Especially working with OpenAI but also Google, Anthropic (Claude) etc… currently comes at a cost of not being able to work freely for some time going forward.

1 Like

All great thoughts so far.

As a writer myself, I’m interested in the topic.

I’ve gotten a lot of “false positives,” but I do worry about accidentally pushing it too far. I think a human eventually looks at your history in that case, though? At least bans aren’t too automated.

That said, I do see false-positives all the time.

I’ve been thinking of doing a thread here in Community about writing long-form content with LLMs. Any interest? Lots of things I’ve noticed as I streamline my Fiction Factory process for the 21st century version. (BTW, the mid-20th century version of the Fiction Factory didn’t use that name, but it’s interesting too. Technology was a force multiplier. In that case, dictation and human assistants.

I personally think the hybrid opportunity window is quickly closing shut, though… or publishing will change again as everyone has access to force multipliers whether they could originally write a book or not. Then again, GPT-5 or at least -6 or -7 will likely be able to spit out entire novels (but at a super high cost?) I dunno.

Interesting times, though!

What I’ve seen on the open source models, the guardrails are very much needed as even innocuous phrases can get an LLM off on crazy tangents! This is why they err on side of caution and it can be “Finicky” or have false positives at times.

You’ve got numbers in your name, so I’m not sure you’ll stick around, but hope you do. As you can see from the answers, we’ve got a whip-smart group of devs in the community garden we’ve been growing for the last several years!

2 Likes

I created a “psychiatrist” to help analyze some of my characters. She is to be factual, and dethatched. However, her answers, even if clinical and text book quality, is flagged. Thanks heaven the response is so slow I sometimes have time to read most of it before it vanishes.

1 Like

ChatGPT-4 seems to be pretty unrestrictive when it comes to outputs. I’ve gotten outputs that mentioned stuff like disfigured bodies and tortured prisoners with no issue (as they should be, because simply mentioning violence isn’t the same as “glorifying” it, which I understood as being stuff like the Hostel films). Maybe I’ve just been lucky with ChatGPT-4, but I use it to generate around a 100 RPG adventures of all genres daily, without any of my outputs ever being flagged.

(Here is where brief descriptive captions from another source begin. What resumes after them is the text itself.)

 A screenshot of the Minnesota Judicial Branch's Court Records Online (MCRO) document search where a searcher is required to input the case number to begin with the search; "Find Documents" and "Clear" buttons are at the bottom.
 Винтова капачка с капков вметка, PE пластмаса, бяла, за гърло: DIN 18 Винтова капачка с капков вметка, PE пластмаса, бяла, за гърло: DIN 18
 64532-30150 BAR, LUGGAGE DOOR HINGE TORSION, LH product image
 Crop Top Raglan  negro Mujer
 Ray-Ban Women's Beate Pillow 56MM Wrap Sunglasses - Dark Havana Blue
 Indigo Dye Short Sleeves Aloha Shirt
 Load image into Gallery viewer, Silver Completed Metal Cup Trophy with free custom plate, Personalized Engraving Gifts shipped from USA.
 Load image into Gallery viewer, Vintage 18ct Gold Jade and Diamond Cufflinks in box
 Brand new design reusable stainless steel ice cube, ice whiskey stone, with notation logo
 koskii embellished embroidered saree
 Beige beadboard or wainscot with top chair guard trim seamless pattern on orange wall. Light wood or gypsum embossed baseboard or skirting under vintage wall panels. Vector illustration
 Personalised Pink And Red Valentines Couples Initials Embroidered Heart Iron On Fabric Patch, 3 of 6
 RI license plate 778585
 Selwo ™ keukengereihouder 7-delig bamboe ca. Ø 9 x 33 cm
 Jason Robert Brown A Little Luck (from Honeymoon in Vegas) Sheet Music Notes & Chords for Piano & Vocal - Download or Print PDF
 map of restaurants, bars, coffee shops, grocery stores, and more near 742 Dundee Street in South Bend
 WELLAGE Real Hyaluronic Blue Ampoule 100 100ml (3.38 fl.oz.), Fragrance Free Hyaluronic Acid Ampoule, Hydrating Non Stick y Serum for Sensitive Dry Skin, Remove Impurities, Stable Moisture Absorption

I definitely have gotten inputs flagged a few times though. Usually for silly things, like using the words “pounding” and “escort,” even though they were used in non-sexual contexts. I’ve had inputs flagged for more slightly more understandable reasons as well, though I still don’t agree they break policy violations, or shouldn’t anyway (one was just mentioning a character had hanged himself as a backstory for a haunting, which is Harry Potter levels of violence at worst). I simply started wording my prompts more carefully, and I can still get the outputs I want without issue.

Specifically mentioning the pool of blood being under the body might have been too much for the input filters. I’ve definitely used the words like “blood”, “dead” and “corpse” in my inputs without hitting the filter.

Meanwhile, with 3.5, I got outputs flagged for the ridiculous reasons, including a time when it used Popeye’s “Well, Blow Me Down!” catchphrase. Never used 3.5 for anything but things like “get well soon” messages after that.

Either way, you probably won’t get into trouble if you hit the filters with that sort of content, unless you’re hitting it several times a day.

I am sorry to say but due to the “offensive AI” issues that were discussed over the last year OpenAI apparently overshot their aim and absolutely maimed GPT4’s capabilities. On one hand to not offend anyone, on the other to save bandwidth.

It is a sad thing to say for me as an OpenAI fanboy, but in the current state this is probably not the best tool to base your work on.